To be more frugal, eval could instead do the following: it could merge the two traversals into one, which is carried out when evaluating the (as yet unsubstituted) tree. During this traversal, it could carry along a table of the necessary substitutions, which it could then perform just before evaluating an identifier. This table of delayed substitutions is called an environment.

Hence, our evaluator now takes two arguments: the expression and an environment. The environment env contains a list of the identifiers that are free in the body, and the values associated with them.

(define Eval
  (lambda (M env)
    (cond
      ((var? M) lookup M's name in env)
      ((const? M) ...)
      ((proc? M) ... what do we do here? ...)
      ((add? M) ...)
      (else ... ))))

The interesting clause in this definition is the code for evaluating procedures. To preserve the semantics of our evaluation rules, we must keep track of the environment active at the time the procedure was evaluated. Why? Because this environment contains the correct substitutions. When the procedure is finally applied (possibly more than once), the current environment will generally contain the WRONG substitutions.


Exercise: Devise a simple example, where the environment at the point of application contains a WRONG substutition for the body of the procedure being applied. Hint: use the same formal parameter name in a function being passed as an argument and in the function it is being passsed to.
The process of building a procedure representation that includes the correct environment is called "building a closure" or "closing over the environment of the procedure". For this reason, procedure [function] values in programming languages are often called closures. Unfortunately, many programming languages with procedures as arguments have historically failed to recognize the need to construct closures. Keeping track of the environment for a procedure requires a lot of extra machinery if the interpreter is written in low level language like C. In addition, many language implementors unfamiliar with functions as arguments have failed to realize that failing to keep track of the procedures "lexical" environment is inconsistent with the standard substitution based evaluation rules.
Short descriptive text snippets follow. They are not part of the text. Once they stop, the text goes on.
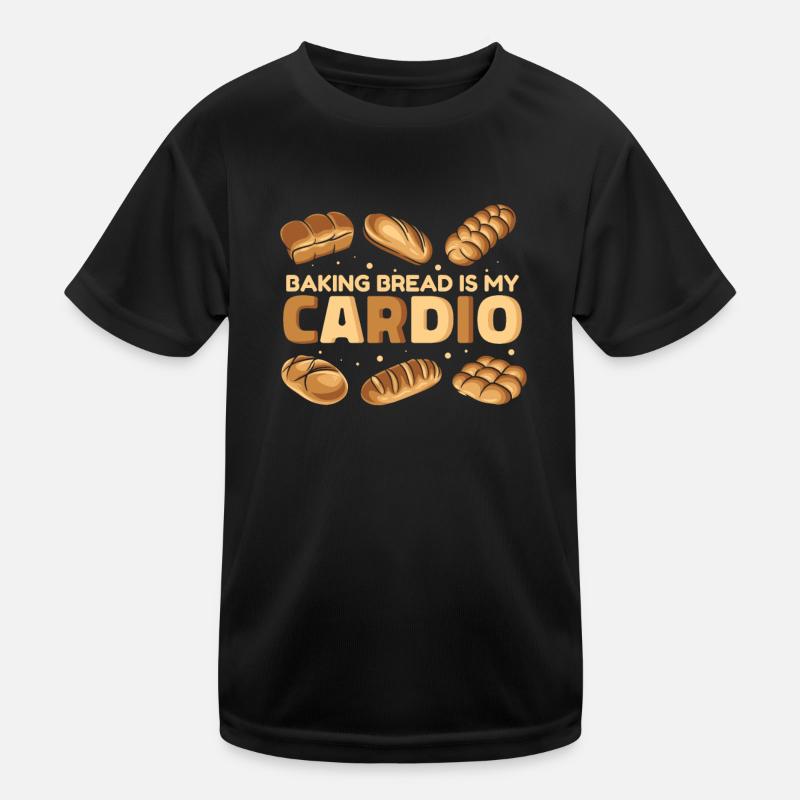Baking Bread Is My Cardio Bread Dough Lover Bread Kids Functional T-Shirt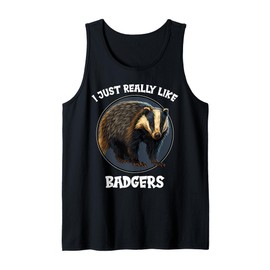 I just Really Like Badgers Badger Tank Top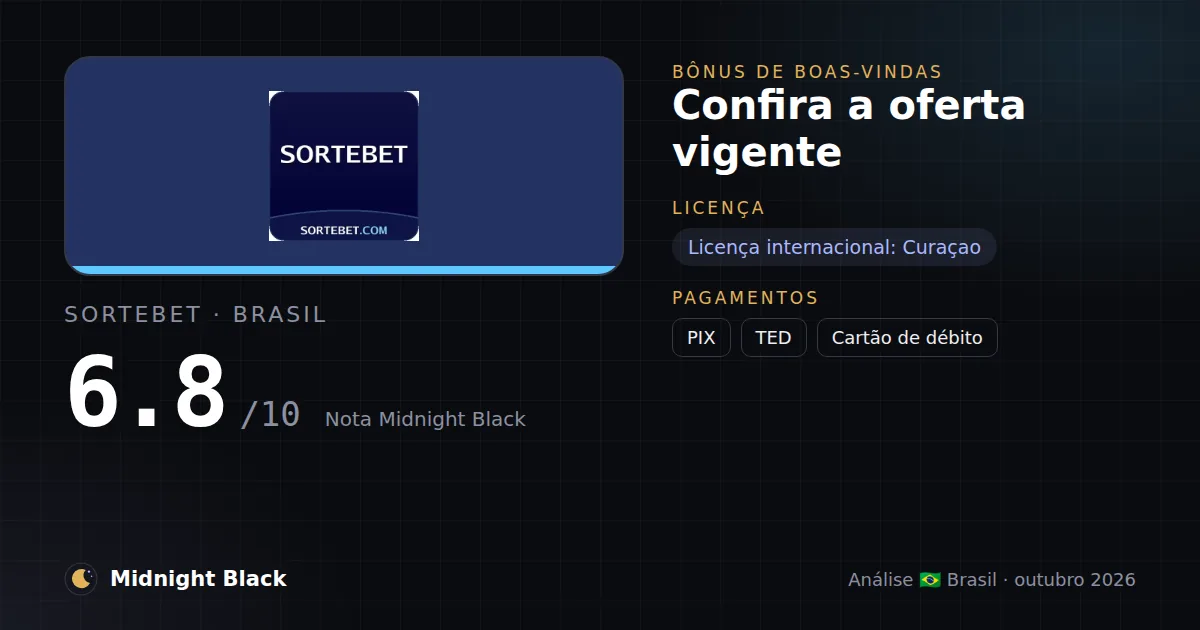 SorteBet no Brasil: promoção, licença e pagamentos (resumo Midnight Black, 21/10/2026)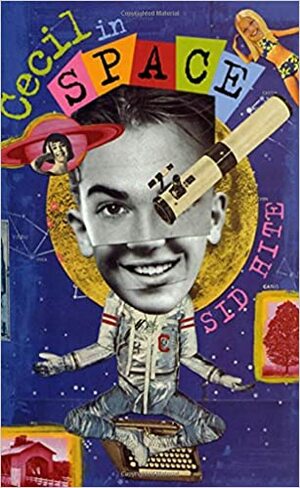 Cecil in Space by Sid Hite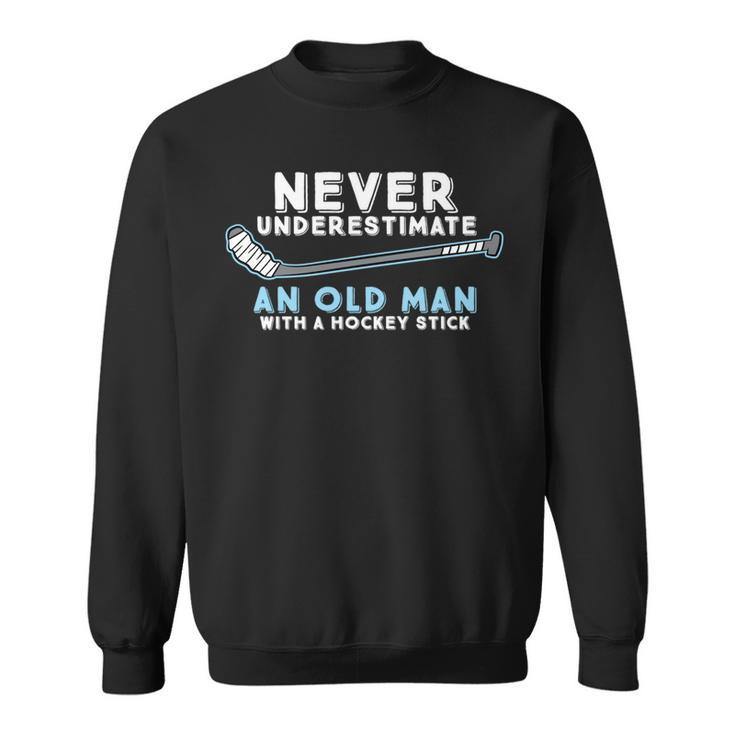 Hockey Grandpa Never Underestimate An Old Man With A Stick Sweatshirt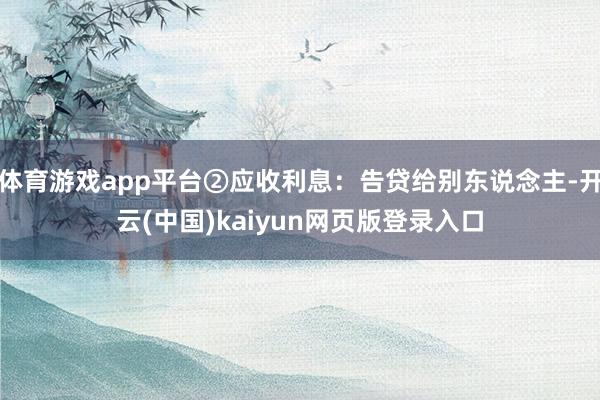 体育游戏app平台②应收利息：告贷给别东说念主-开云(中国)kaiyun网页版登录入口
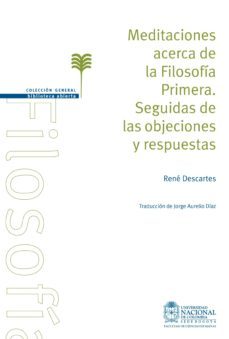 meditaciones acerca de la filosofia primera. seguidas de las objeciones y respuestas (ebook)-9789587752137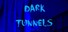 Dark Tunnels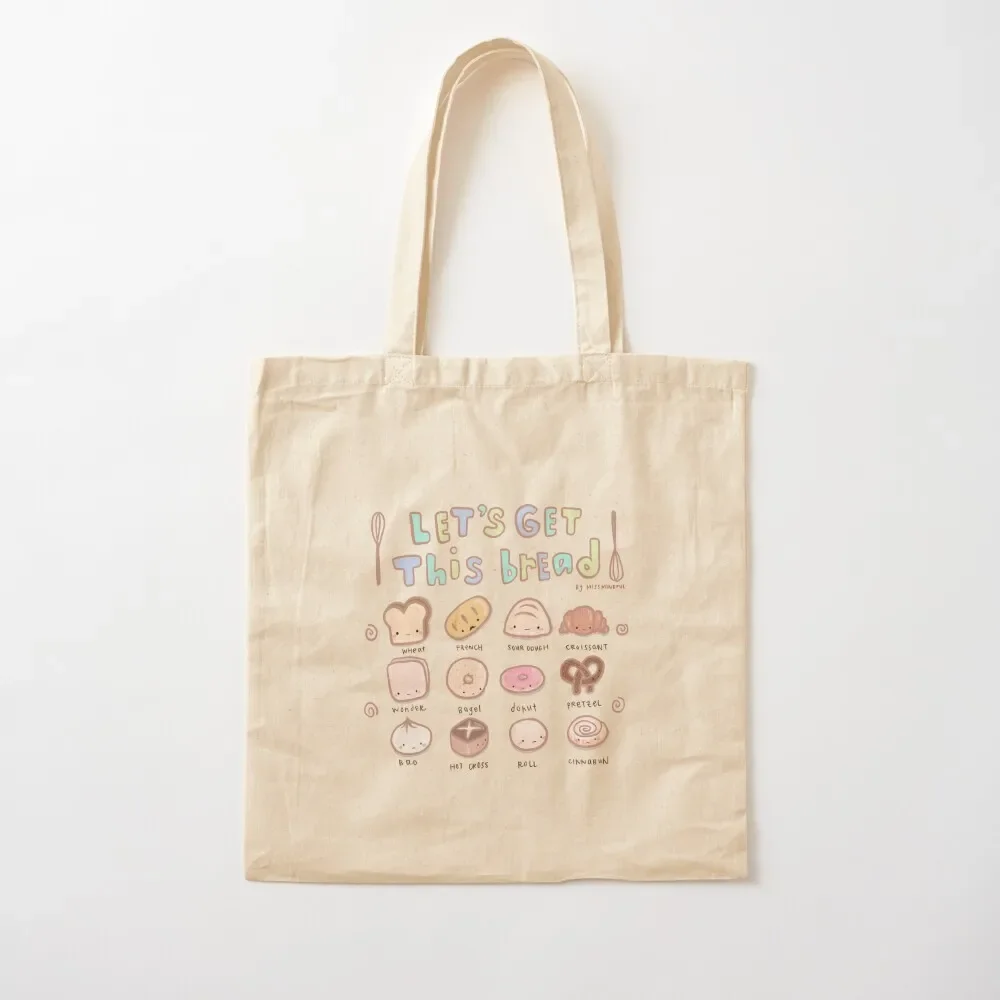 

Let's Get This Bread Tote Bag cute pouch bag Lady bag tote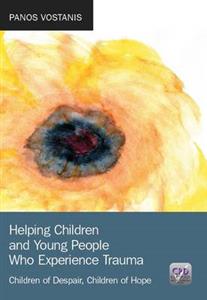 Helping Children and Young People Who Experience Trauma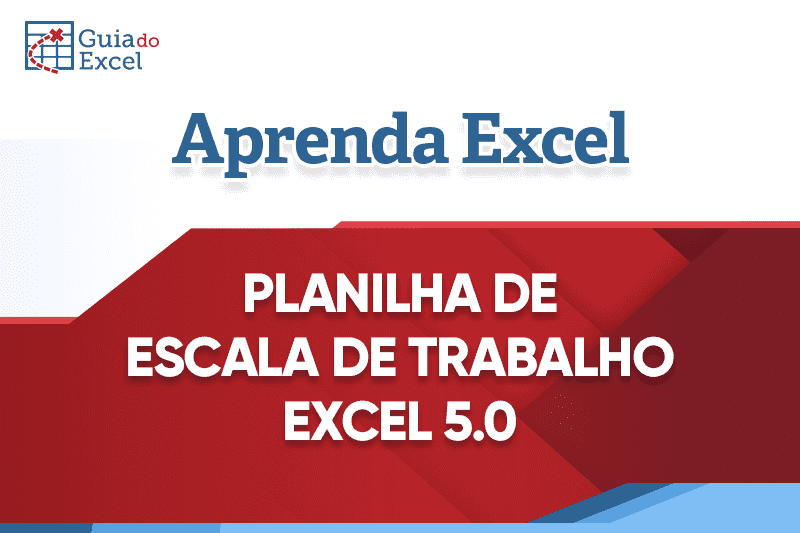 Planilha de Escala de Trabalho Excel 5.0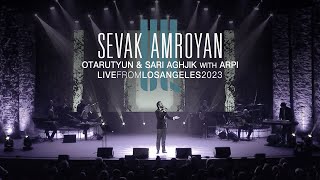 Sevak Amroyan amp ARPI  Otarutyun amp Sari Aghjik  Օտարություն և Սարի աղջիկ Live from LA 2023 [upl. by Ettenej18]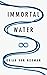Immortal Water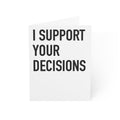 I Support Your Decisions | 007-A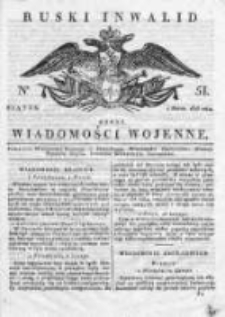Ruski inwalid czyli wiadomości wojenne 1818, Nr 51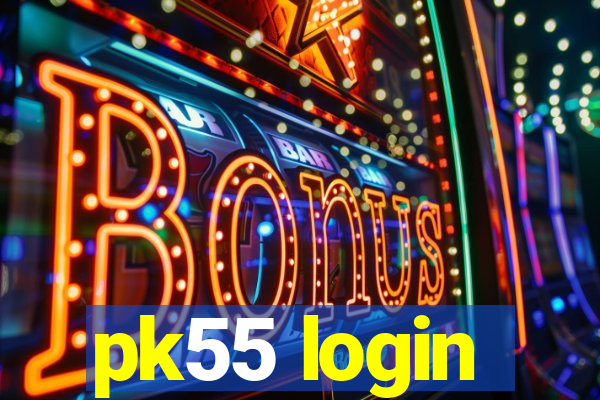 pk55 login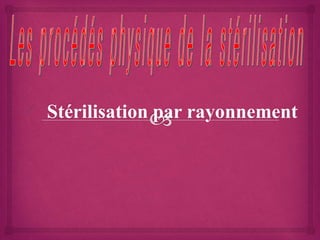  Stérilisation par rayonnement
 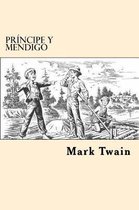 Principe y Mendigo (Spanish Edition)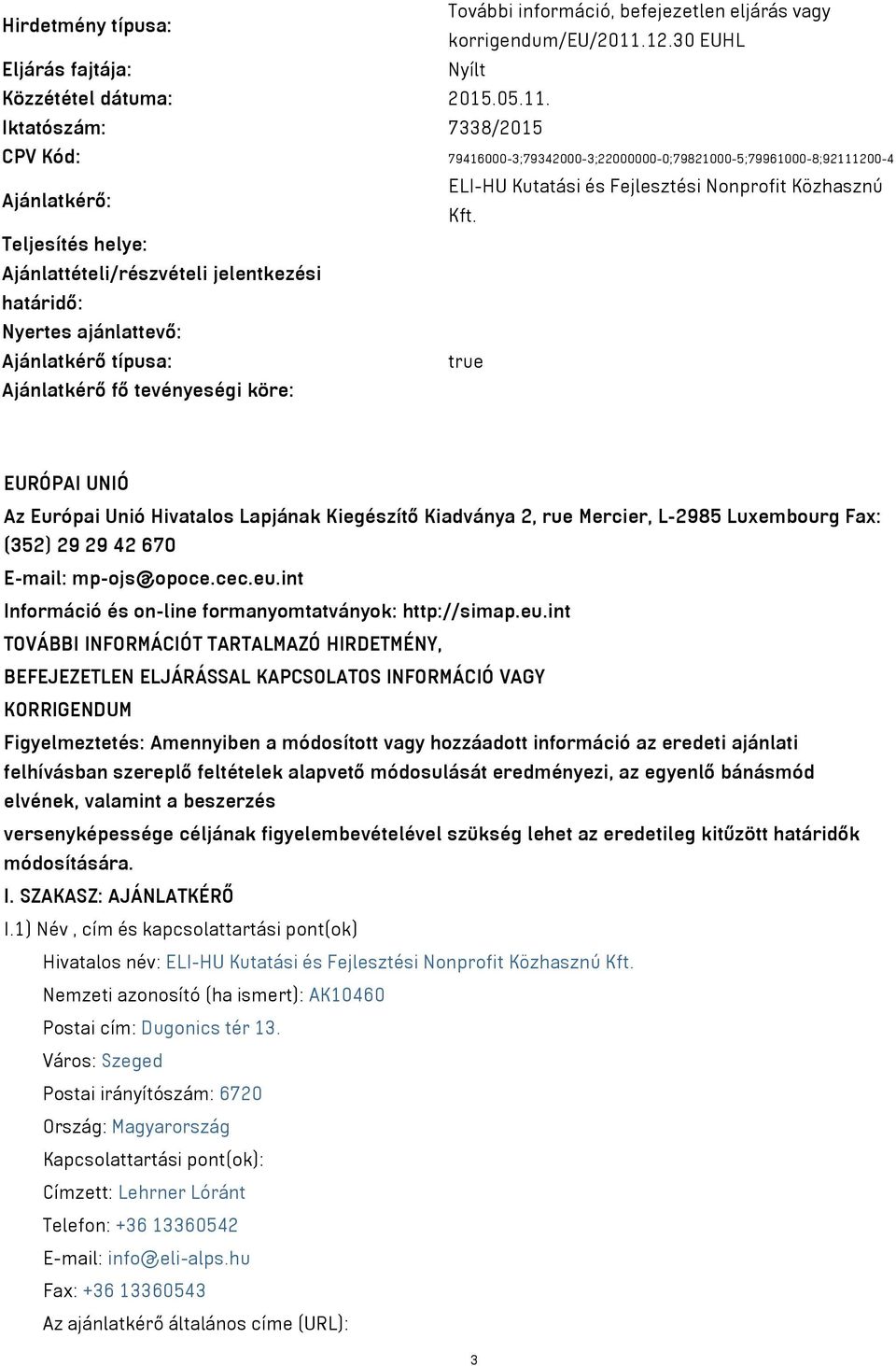 Iktatószám: 7338/2015 CPV Kód: 79416000-3;79342000-3;22000000-0;79821000-5;79961000-8;92111200-4 ELI-HU Kutatási és Fejlesztési Nonprofit Közhasznú Ajánlatkérő: Kft.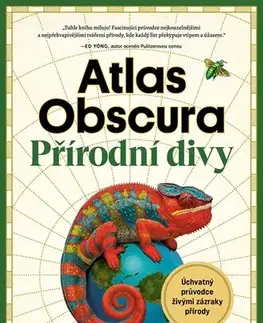 Biológia, fauna a flóra Atlas Obscura: Přírodní divy - Cara Giaimo,Joshua Foer,Marcel Goliaš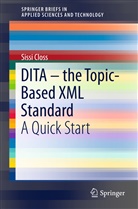 Sissi Closs - DITA - the Topic-Based XML Standard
If procedures are not closed, the interpreter will implement an ugly semantic model called "dynamic scoping". The history of programming languages is replete with languages that fail to construct closures and hence implement dynamic scoping. They include SNOBOL, APL, some early dialects of LISP, and TCL. To finish our environment-based interpreter we need to choose representations for environments and closures and then fill in the gaps in the template above. For the moment, we will make the simplest, most pedestrian representational choices. In the next lecture, we will consider alternatives. An environment is a table mapping variables to substitutions. A simple choice for a representation is a list of pairs. Similarly a simple representation for a closure is a structure containing the procedure text and the environment. Given these choices our interpreter becomes:
(define-struct pair (var val))
(define-struct closure (body env))


(define Eval
  (lambda (M env)
    (cond
      ((var? M) (lookup M env))
      ((const? M) M)
      ((proc? M) (make-closure M env))
      ((add? M) (add (Eval (add-left M) env) (Eval (add-right M) env)))
      (else (Apply (Eval (app-rator M) env) (Eval (app-rand M) env))))))
         
(define Apply
  (lambda (fn arg) ; fn must be a closure
    (Eval (proc-body (closure-body fn)) 
          (extend (closure-env fn) (proc-param (closure-body)) arg))))

(define lookup
  (lambda (var env)
    (if (null? env) 
        (error ...)
        (if (eq? var (pair-var (car env)))
            val
            (lookup var (cdr env)))))) 

Summary

We have


Solution to Earlier Exercise

Let the form

(let (v M) N)}
abbreviate the LC expression
((lambda (v) N) M)
This abbreviation makes LC code much easier to read.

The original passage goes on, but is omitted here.